Iñaki Sáez

Personal information
- Full name: Iñaki Sáenz Arenzana
- Date of birth: 29 April 1988 (age 38)
- Place of birth: Logroño, Spain
- Height: 1.77 m (5 ft 9+1⁄2 in)
- Position: Midfielder

Team information
- Current team: Logroñés
- Number: 16

Youth career
- Calahorra
- 2006–2007: Zaragoza

Senior career*
- Years: Team / Apps / (Gls)
- 2007–2009: Calahorra / 67 / (11)
- 2009–2013: Logroñés / 126 / (2)
- 2014–2015: Racing Santander / 84 / (4)
- 2015–2016: Alavés / 3 / (0)
- 2016–2018: Tenerife / 34 / (0)
- 2019–: Logroñés / 191 / (20)

= Iñaki Sáenz =

Spanish footballer

Iñaki Sáenz Arenzana (born 29 April 1988) is a Spanish footballer who plays for UD Logroñés. Mainly a central midfielder, he can also play as a left back.

==Football career==
Born in Logroño, La Rioja, Iñaki graduated from Real Zaragoza's youth setup, and made his senior debuts with locals CD Calahorra in the 2007–08 campaign, in Tercera División.

In the 2009 summer Iñaki joined UD Logroñés in Segunda División B. He featured regularly with the side, featuring in more than 120 matches during his four-year spell. On 22 July 2013 Iñaki signed a one-year deal with Racing de Santander, also in the third level. He featured in 37 matches during the season, as the Cantabrians returned to Segunda División at first attempt.

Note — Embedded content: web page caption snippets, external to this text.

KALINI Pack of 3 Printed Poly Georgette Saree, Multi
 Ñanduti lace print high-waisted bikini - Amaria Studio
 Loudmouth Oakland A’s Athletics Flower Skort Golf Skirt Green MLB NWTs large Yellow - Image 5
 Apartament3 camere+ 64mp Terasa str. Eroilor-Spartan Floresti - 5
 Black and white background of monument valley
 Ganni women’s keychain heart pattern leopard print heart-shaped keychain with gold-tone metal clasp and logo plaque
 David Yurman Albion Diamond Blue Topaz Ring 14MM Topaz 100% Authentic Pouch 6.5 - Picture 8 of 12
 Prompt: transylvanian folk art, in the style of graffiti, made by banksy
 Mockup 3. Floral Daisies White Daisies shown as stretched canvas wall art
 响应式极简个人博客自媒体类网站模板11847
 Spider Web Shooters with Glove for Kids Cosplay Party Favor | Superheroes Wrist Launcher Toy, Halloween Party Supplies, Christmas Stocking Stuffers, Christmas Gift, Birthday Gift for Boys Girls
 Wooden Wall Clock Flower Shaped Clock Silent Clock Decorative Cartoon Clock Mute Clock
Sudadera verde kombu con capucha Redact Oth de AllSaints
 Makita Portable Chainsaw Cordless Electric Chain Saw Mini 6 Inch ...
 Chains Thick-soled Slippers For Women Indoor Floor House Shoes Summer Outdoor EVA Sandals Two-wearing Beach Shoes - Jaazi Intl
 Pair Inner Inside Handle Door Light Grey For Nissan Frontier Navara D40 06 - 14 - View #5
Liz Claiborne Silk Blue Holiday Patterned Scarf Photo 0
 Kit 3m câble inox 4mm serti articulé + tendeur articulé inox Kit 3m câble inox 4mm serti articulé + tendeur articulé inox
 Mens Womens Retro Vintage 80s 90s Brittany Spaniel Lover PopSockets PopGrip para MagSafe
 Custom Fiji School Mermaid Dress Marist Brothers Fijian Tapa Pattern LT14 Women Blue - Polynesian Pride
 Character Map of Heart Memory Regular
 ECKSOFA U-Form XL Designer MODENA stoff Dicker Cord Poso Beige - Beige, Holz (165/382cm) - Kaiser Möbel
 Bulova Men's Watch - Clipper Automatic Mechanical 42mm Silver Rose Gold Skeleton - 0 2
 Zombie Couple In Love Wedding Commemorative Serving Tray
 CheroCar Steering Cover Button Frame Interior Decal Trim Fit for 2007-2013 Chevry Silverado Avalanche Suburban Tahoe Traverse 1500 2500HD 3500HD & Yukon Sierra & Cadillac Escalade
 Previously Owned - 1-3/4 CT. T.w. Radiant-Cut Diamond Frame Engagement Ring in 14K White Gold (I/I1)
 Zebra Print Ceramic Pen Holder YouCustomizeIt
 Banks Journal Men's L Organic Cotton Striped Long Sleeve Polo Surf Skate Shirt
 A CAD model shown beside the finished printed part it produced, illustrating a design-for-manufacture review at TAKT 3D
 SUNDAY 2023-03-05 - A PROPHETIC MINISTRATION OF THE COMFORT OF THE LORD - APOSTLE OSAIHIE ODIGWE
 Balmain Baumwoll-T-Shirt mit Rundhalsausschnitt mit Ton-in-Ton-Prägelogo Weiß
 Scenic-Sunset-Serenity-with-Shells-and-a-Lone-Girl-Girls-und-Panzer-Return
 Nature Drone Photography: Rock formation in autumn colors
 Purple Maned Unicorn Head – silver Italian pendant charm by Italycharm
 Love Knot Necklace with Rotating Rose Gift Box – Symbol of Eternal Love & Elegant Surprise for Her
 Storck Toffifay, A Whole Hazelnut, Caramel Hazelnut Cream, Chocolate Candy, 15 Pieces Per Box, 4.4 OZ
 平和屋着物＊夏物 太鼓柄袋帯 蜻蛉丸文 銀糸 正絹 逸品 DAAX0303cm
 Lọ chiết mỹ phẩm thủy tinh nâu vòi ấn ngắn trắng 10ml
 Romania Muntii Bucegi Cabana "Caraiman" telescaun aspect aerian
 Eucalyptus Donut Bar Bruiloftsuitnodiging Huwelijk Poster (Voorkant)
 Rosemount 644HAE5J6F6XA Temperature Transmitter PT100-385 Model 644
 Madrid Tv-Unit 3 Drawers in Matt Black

On 19 August 2014 Iñaki signed a new two-year deal with the Verdiblancos. Five days later he played his first match as a professional, starting in a 0–1 away loss against Girona FC.

Iñaki scored his first goal in the second level on 27 September 2014, netting the second in a 3–0 home win against Recreativo de Huelva. On 6 December of the following year, after suffering relegation, he moved to Deportivo Alavés after agreeing to an 18-month deal.

On 2 July 2016, Iñaki signed for CD Tenerife also in the second level. He left the club in 2018 after being sparingly used, and returned to Logroñés on 13 January 2019.